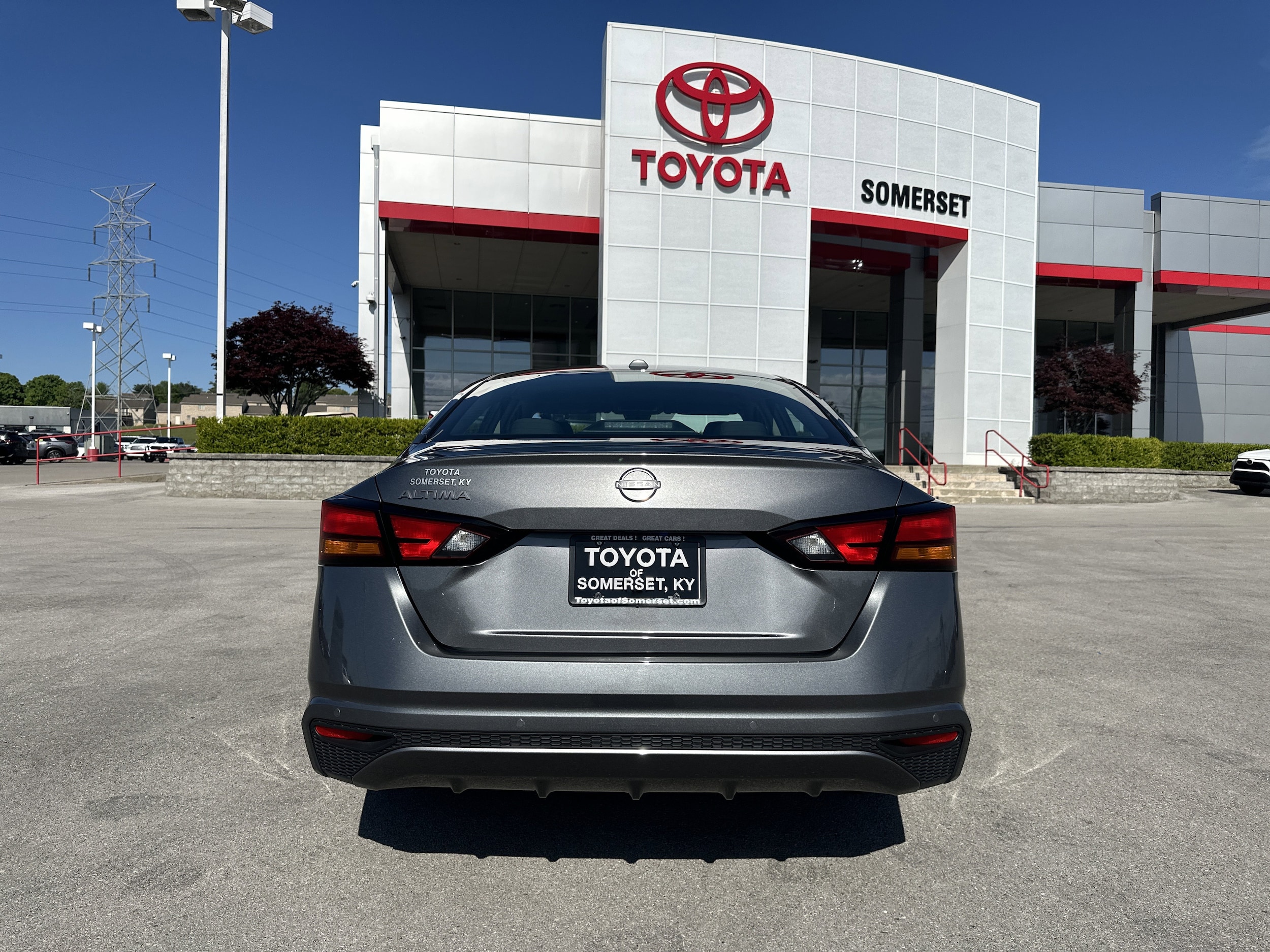 2025 Nissan Altima SV - Photo 6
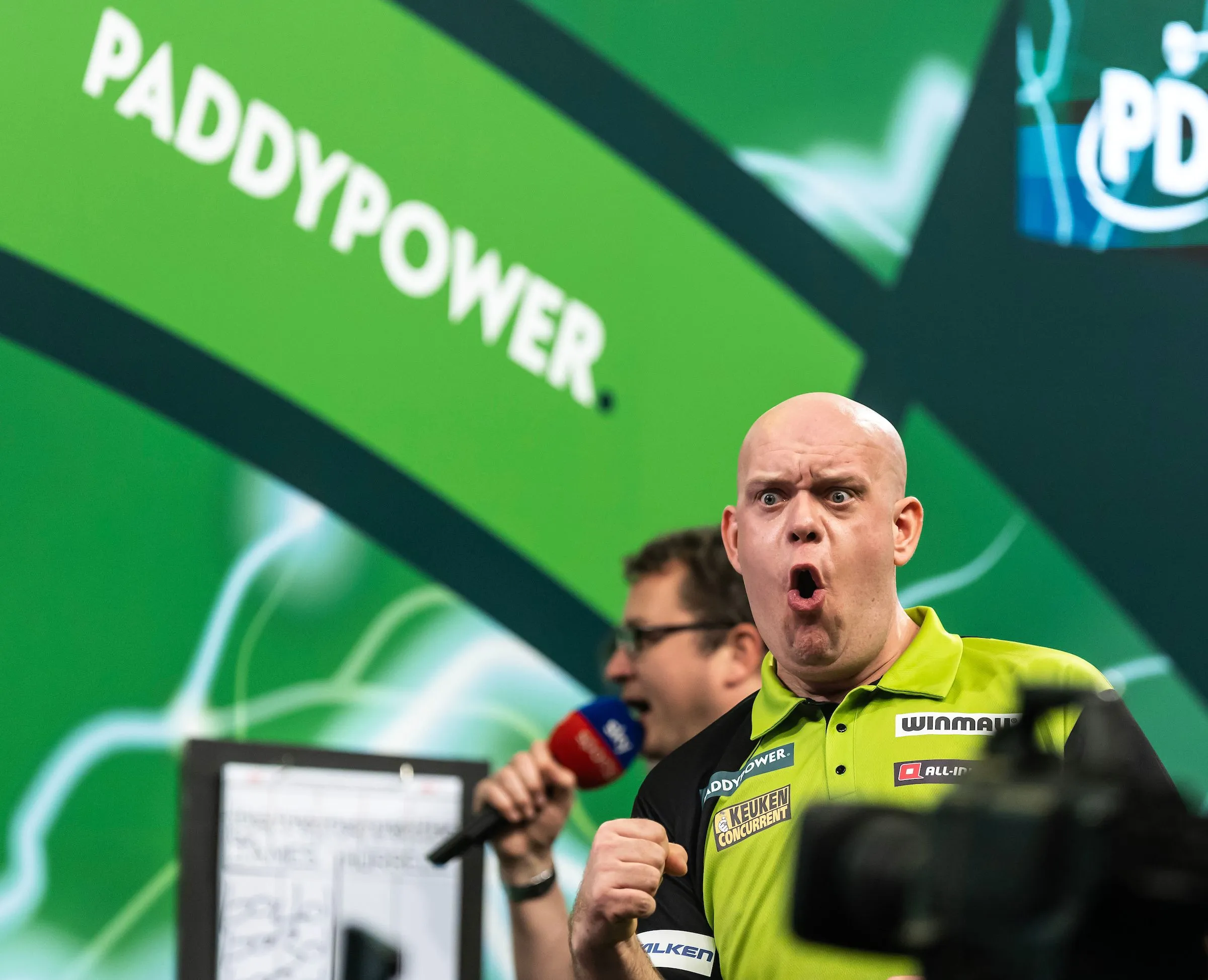 Michael van Gerwen zet sterke prestatie neer in eerste wedstrijd World Darts Championship
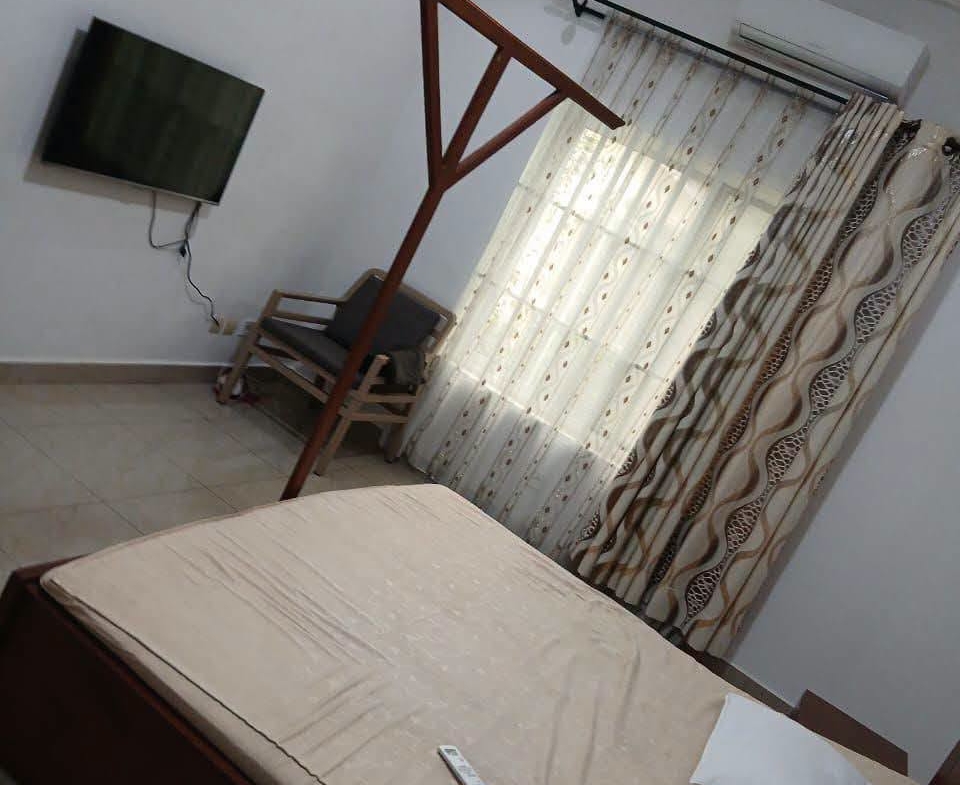 Villa de 3 chambres avec jardin à Fidjrossè 9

____

*TO DO*: Each line from the one that contains "Michael van Gerwen" to the end of the listing must be quoted exactly; no other line and no picture belongs in the copy.

*WRITTEN ANSWER*:
 Michael van Gerwen zet sterke prestatie neer in eerste wedstrijd World Darts Championship
 Villa de 3 chambres avec jardin à Fidjrossè 9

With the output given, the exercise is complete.